Menzel was angered by the Bargmann-Motz letter in Science, considering it to be 'uncalled for. ' He seemed infuriated that Larrabee in one noncommittal passage had called attention to an ironical situation: in 1952, in the Proceedings of the American Philosophical Society, Menzel had offered calculations to show that if Velikovsky were right about electromagnetic forces in the solar system, the sun would have to have a surface electric potential of 10 19 (10 raised to 19th power, 10 billion billion) volts - an absolute impossibility, according to the astronomer; but in 1960, V. A. Bailey, Emeritus Professor of Physics at the University of Sydney (Professor Bailey died December 7, 1964, in Switzerland - he was en route to the United states, where he hoped to see experiments carried out in space to test his hypotheses), claimed that the sun is electrically charged, and that it has a surface potential of 10 19 volts -- precisely the value calculated by Menzel. Bailey, at the time his theory was first published, was entirely unaware of Velikovsky's work and of Menzel's repudiation of it.

The idea that his 'quantitative refutation of Velikovsky's wild hypothesis' - Menzel's own description of his contribution to the Proceedings in 1952 - should now be brought to Velikovsky's support was intolerable to the Harvard astronomer. So, when he mailed his paper to Harper's in 1963, he also sent a copy to Bailey in Sydney and asked him in a covering letter to revoke his theory of electric charge on the sun. That theory was casting doubt on the continuing efforts of Menzel and other American scientists to discredit Velikovsky, and Menzel pointed out what he conceived to be an error in Bailey's work.

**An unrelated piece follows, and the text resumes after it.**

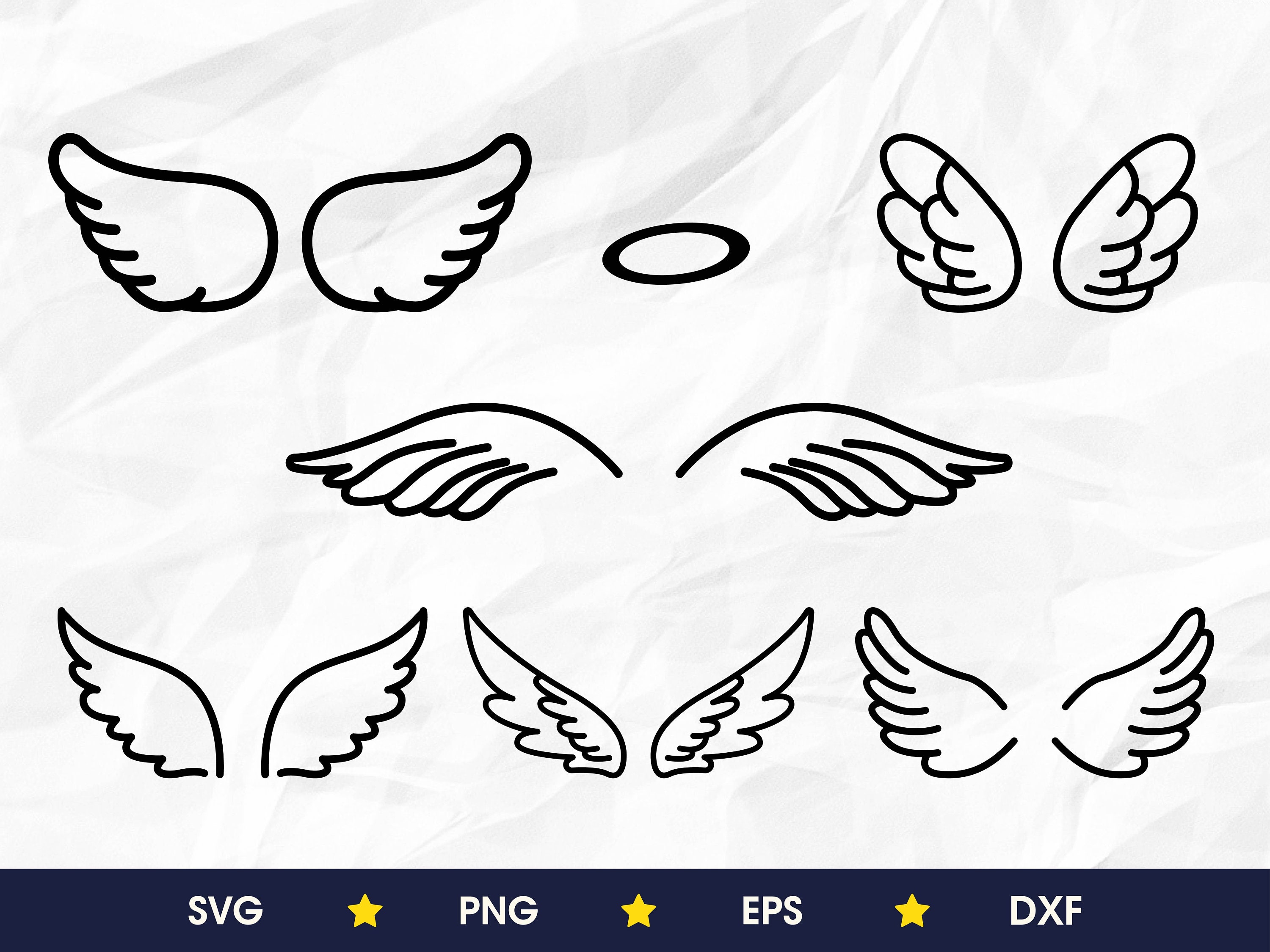Angel wings bundle svg angel wings svg halo svg png eps | Etsy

Professor Bailey, taking exception to the idea that his own work should be abandoned to accommodate the anti-Velikovsky forces, prepared an article in rebuttal of Menzel's piece and submitted it to Harper's for publication in the same issue with Menzel's. Bailey had discovered a simple arithmetical error in Menzel's calculations, which invalidated his argument.

The editors of Harper's evidently taken aback by the heat of the controversy generated by Larrabee's article, rejected Bailey's offering, but agreed to print some of his comments if he would submit them in a brief letter. At the same time, however, Menzel was permitted to correct the arithmetical error pointed out by Bailey, and he did so without acknowledging the effect of the correction on his argument. Larrabee objected to such a use of Bailey's rebuttal paper, and at first Menzel was not permitted to extirpate the evidence of his carelessness; but after more pleading the correction was made.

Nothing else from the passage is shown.